Contoh lain adalah dalam hal pemimpin bangsa yaitu presiden dari Sukarno sampai SBY, semua adalah orang dari suku Jawa. Untuk contoh ini, alasan terkuat namun tidak dapat dibenarkan muncul ditengah masyarakat. Adanya mitos bahwa Presiden bangsa kita haruslah orang Jawa. Nampak tidak relevan dengan zaman sekarang yang sudah modern. Kenapa mitos tersebut terus tumbuh ditengah masyarakat Indonesia.

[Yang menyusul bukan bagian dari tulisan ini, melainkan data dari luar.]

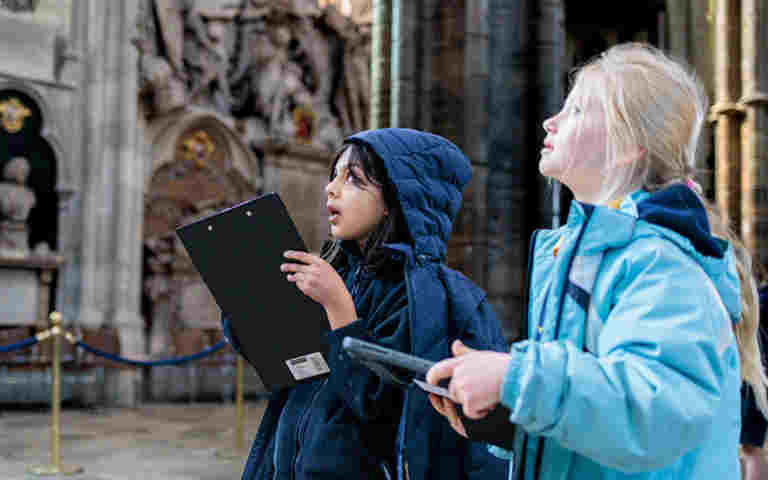 Photograph of two primary students holding clipboards and looking up, representing students using the self-led trails within Westminster Abbey
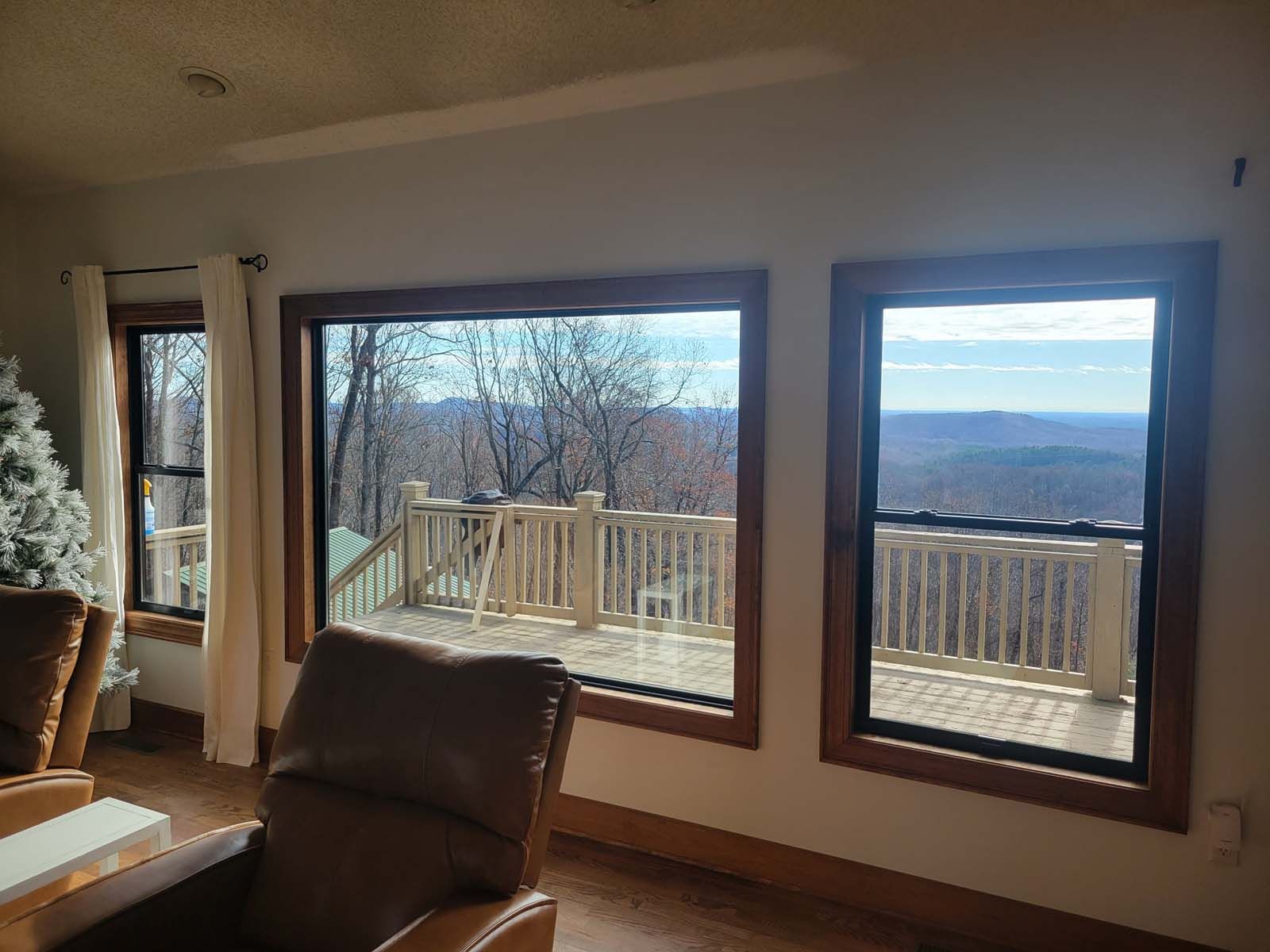 A living room with two large windows and a view of a deck.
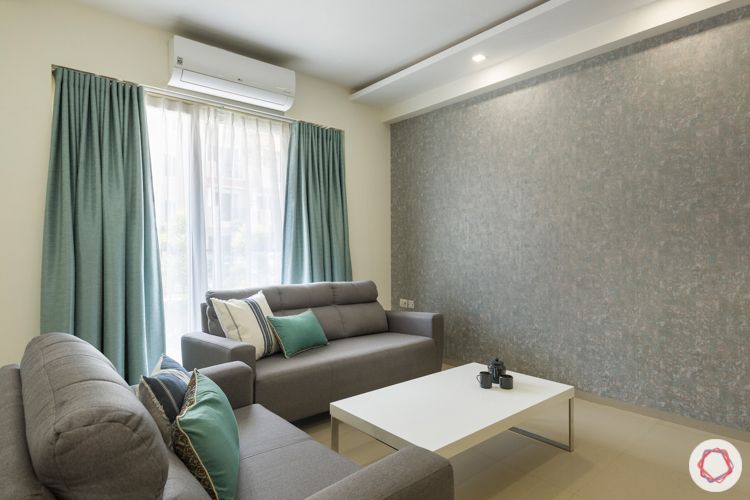 3-bhk-apartment-grey-textured-wallpaper-grey-sofa-marcel-center-table-blue-curtains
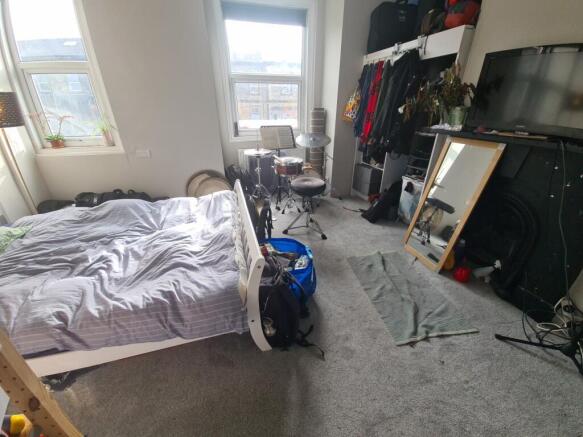 A cozy double bedroom featuring a comfortable b...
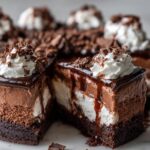 A decadent slice of Hot Fudge Sundae Brownie Cheesecake with layers of chocolate mousse, cheesecake, and brownie base, topped with whipped cream and hot fudge.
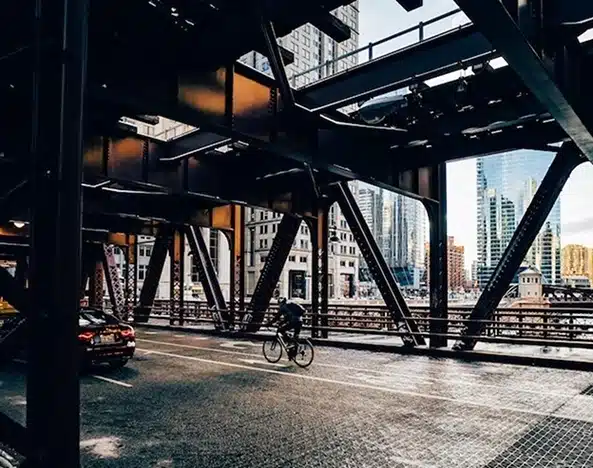 Chicago bicycle accident lawyer, image of bicyclist riding across a city bridge, Disparti Law Group Accident & Injury Lawyers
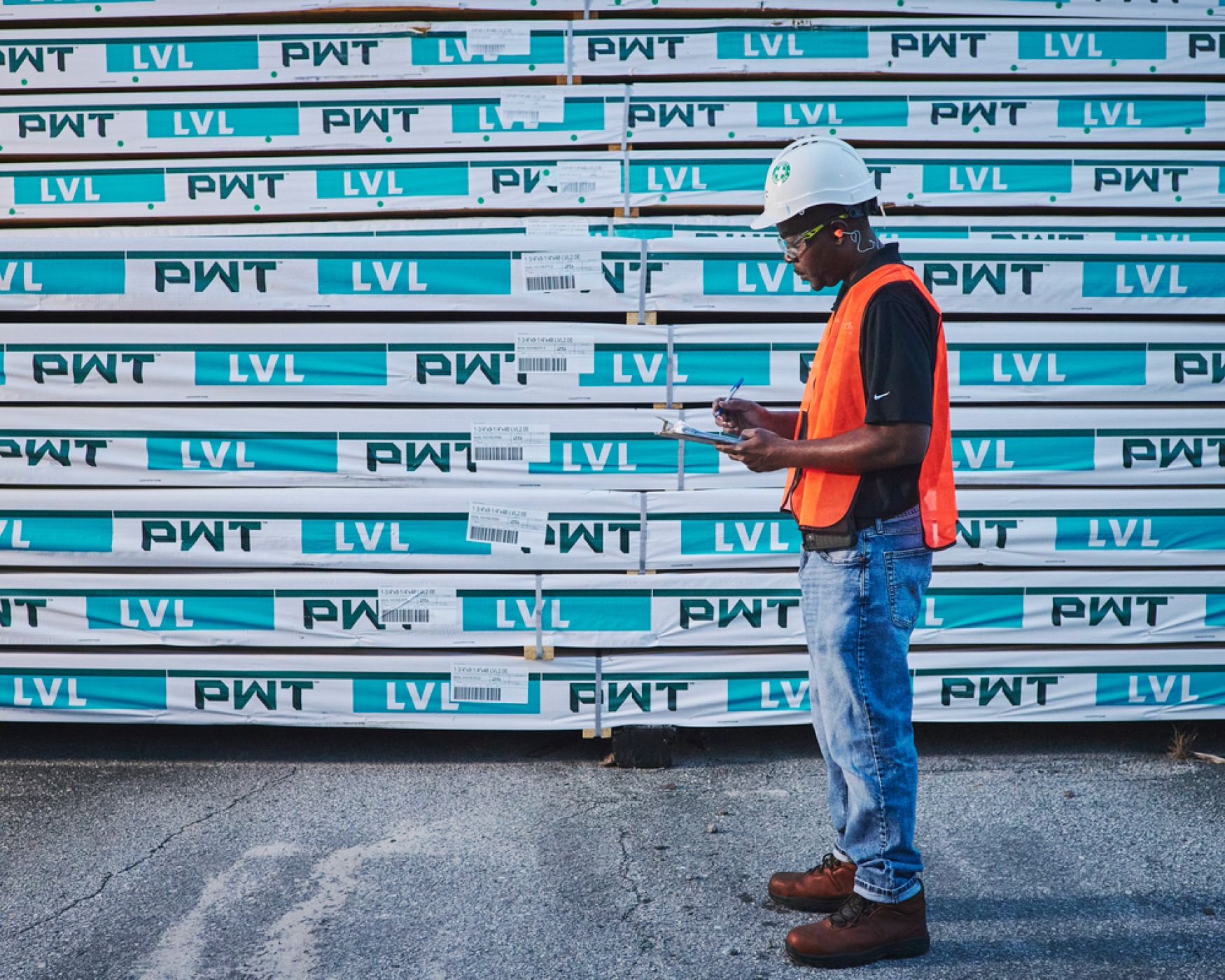 A worker in a hard hat checking LVL inventory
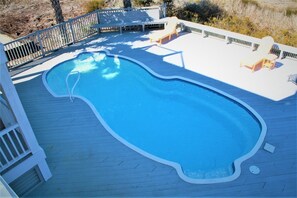 Une piscine dotée d’une terrasse en bois, entourée d’une clôture et aménagée avec des chaises longues.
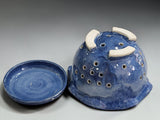 Blue ceramic berry bowl with matching drip tray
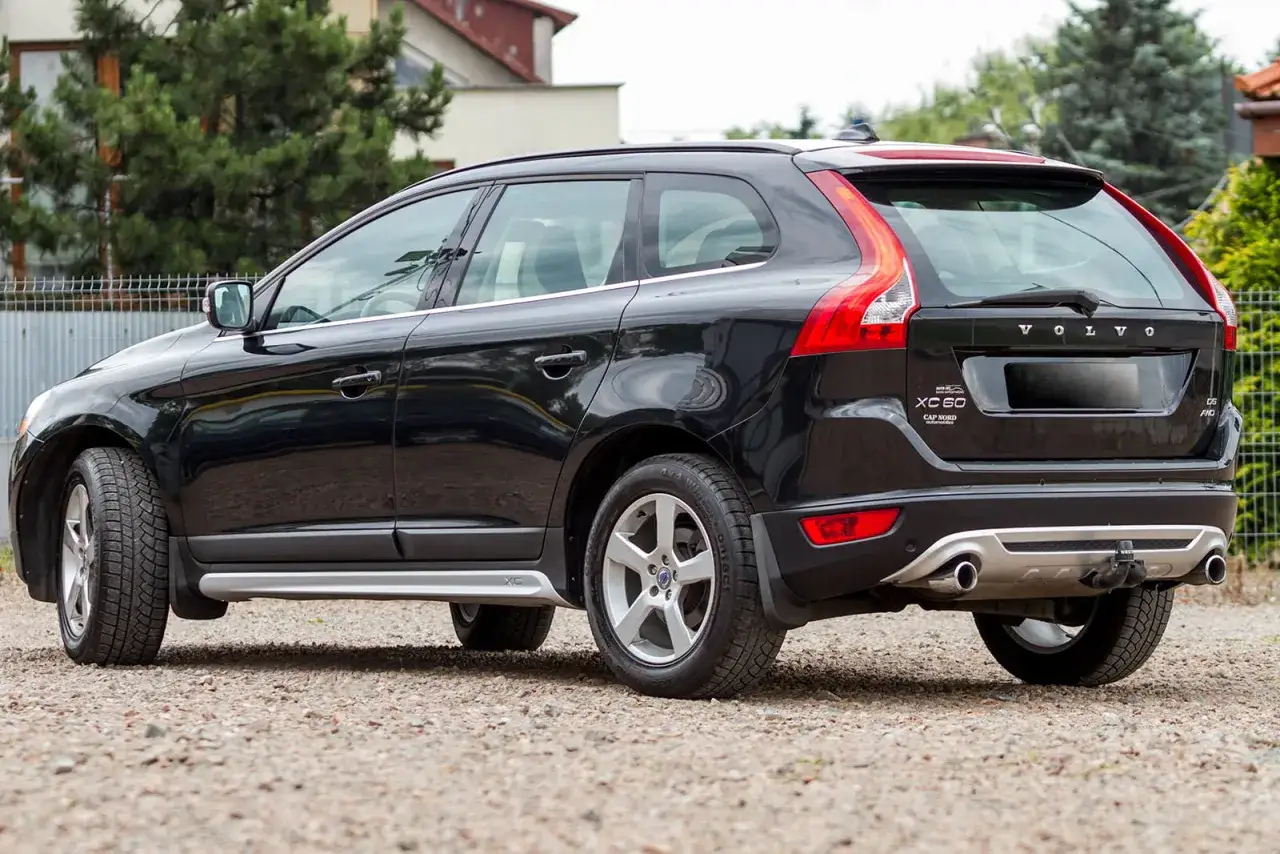 Czarne Volvo XC60 z zamontowanymi chlapaczami, gotowe na każdą drogę.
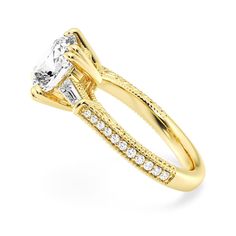 a yellow gold engagement ring set with a princess cut center stone and side stones on the band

Di Indonesia saat ini, terdapat kebudayaan politik yang berkembang di masyarakat. Budaya Politik Hirarki yang Tegar. Titik tolak dari budaya ini adalah sebuah pola budaya yang dominan, yang berasal dari kelompok etnis  yang dominan pula yaitu kelompok etnis jawa. Secara lebih spesifik budaya dijabarkan sebagai sebuah anggapan yang berkembang di masyarakat, khususnya dikalangan birokrat. Dimana para birokrat sering kali menampakkan diri dengan self-image atau citra-diri yang bersifat benevolent, yaitu dengan ungkapan sebagai pamong praja yang melindungi rakyat, sebagai pamong atau guru/pendidik bagi rakyatnya. Kalangan ppenguasa harus menampakkan diri sebagai kelompok yang pemurah, baik hati, dan pelindung dari seluruh rakyatnya. Akan tetapi, sebaliknya, kalangan penguasa memiliki persepsi yang merendahkan rakyat. Karena penguasa sudah begitu baik hati maka selayaknya rakyat harus patuh dan melayani rakyat. Menurut analisis Anderson, konsep tentang kekuasaan dalam masyarakat jawa berbeda sekali dengan apa yang dipahami oleh masyarakat barat. Karena bagi masyarakat jawa kekuasaan itu pada dasarnya bersifat konkret, besarannya konstan, sumbernya homogen dan tidak berkaitan dengan persoalan legitimasi. Berbeda hal dengan masyarakat Barat, dimana kekuasaan itu bersifat abstrak dan berasal dari berbagai sumber, seperti uang, harta kekayaan, fisik, kedudukan,asal-usul, dan lain sebagainya.